- **Activity**
Quote word for word the lines below, beginning with the first and ending with the one that has "a white house". Drop the pictures.

** Opening Dataset records block **

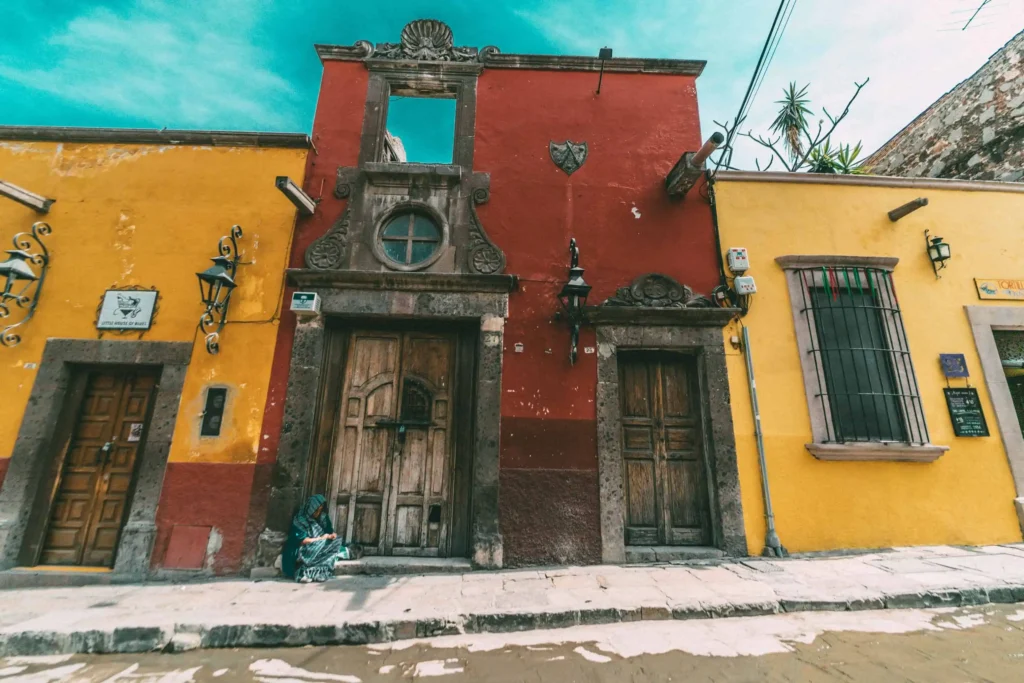 A rustic colonial-style building with colorful walls and wooden doors.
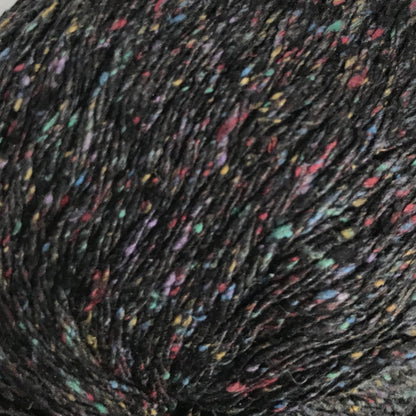 Close-up of speckled yarn ball with multicolor specks on a black background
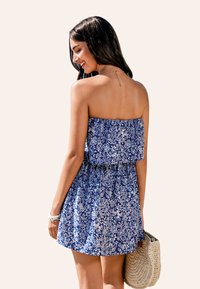 Sukienka bez ramiączek w niebieskim kolorze z białym kwiatowym wzorem, rozkloszowanym dołem i elastyczną talią. Modelka trzyma w plecionej beżowej torbie. Gładka faktura materiału.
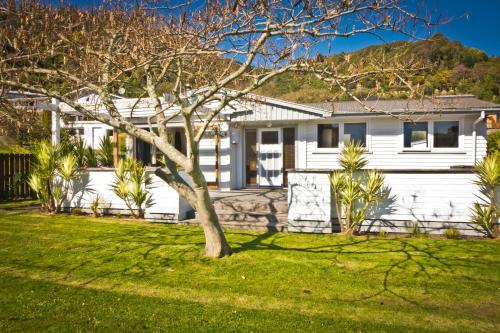 a white house with a tree in the yard at 3 & 4 Bedroom Holiday Houses Central Picton in Picton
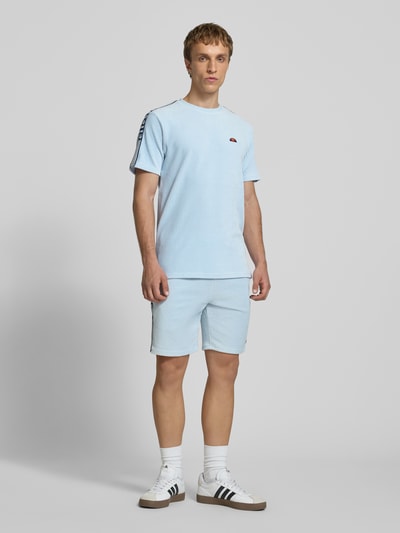 Męski model nosi T-Shirt mit Logo Modell 'MADORI' od Ellesse, mieszanka bawełny z dodatkiem streczu, krój regular fit, okrągły dekolt, logo, długość tyłu w rozmiarze M: 66 cm, jasnoniebieski kolor, prosty fason, tekstura prążkowana, całkowity widok z przodu.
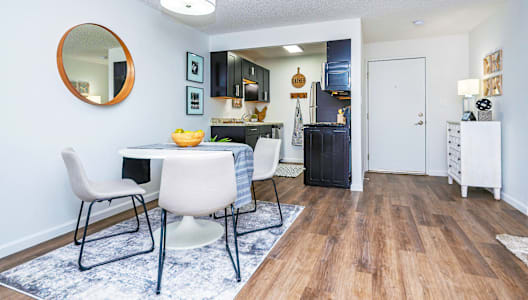 a dining room and kitchen with a table and chairs at Weaver Farm, Florence, 41042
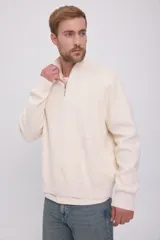 Sweater de punto color crema, con cuello alto y cierre de cremallera parcial.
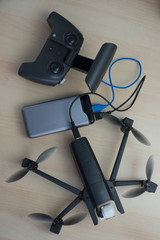 Powerbank-Ladegerät mit Drohne und Akku, von oben auf einem Tisch fotografiert.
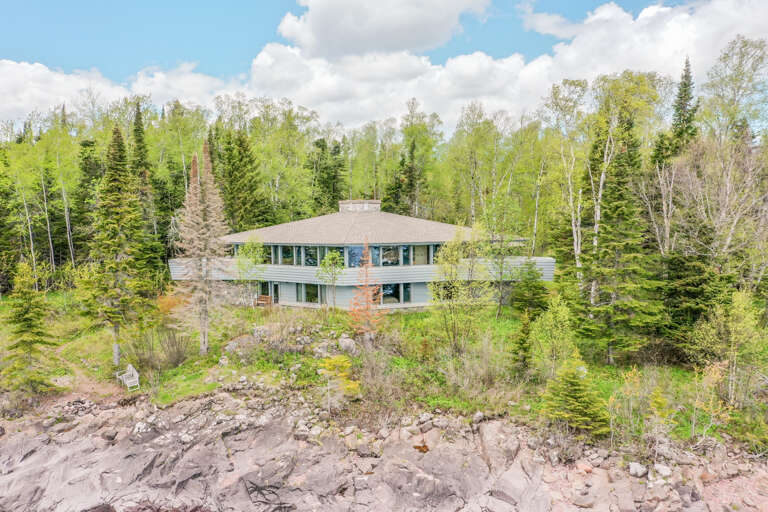 This 3 bedroom, 3 bathroom home is located a short drive up the shore of Lake Superior from the quaint lakeside town of Grand Marais.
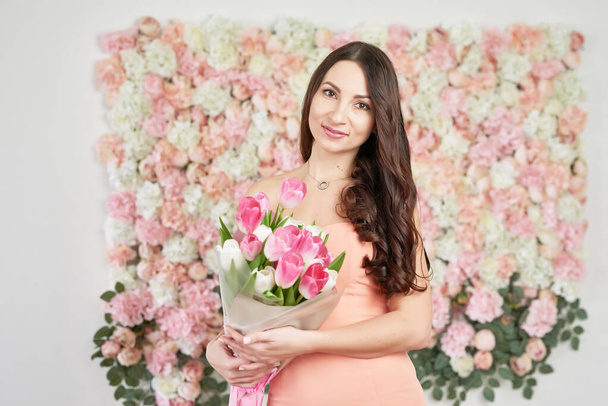 Beautiful girl with tulip flowers in hands on floral background. Greeting card for Women's Day March 8 or Mother's Day.Very nice florist woman holding beautiful colourful blossoming flowers bouquet. - 写真・画像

** Closing Dataset records block **

- **Solution below**
 A rustic colonial-style building with colorful walls and wooden doors.
 Close-up of speckled yarn ball with multicolor specks on a black background
 Sukienka bez ramiączek w niebieskim kolorze z białym kwiatowym wzorem, rozkloszowanym dołem i elastyczną talią. Modelka trzyma w plecionej beżowej torbie. Gładka faktura materiału.
 a white house with a tree in the yard at 3 & 4 Bedroom Holiday Houses Central Picton in Picton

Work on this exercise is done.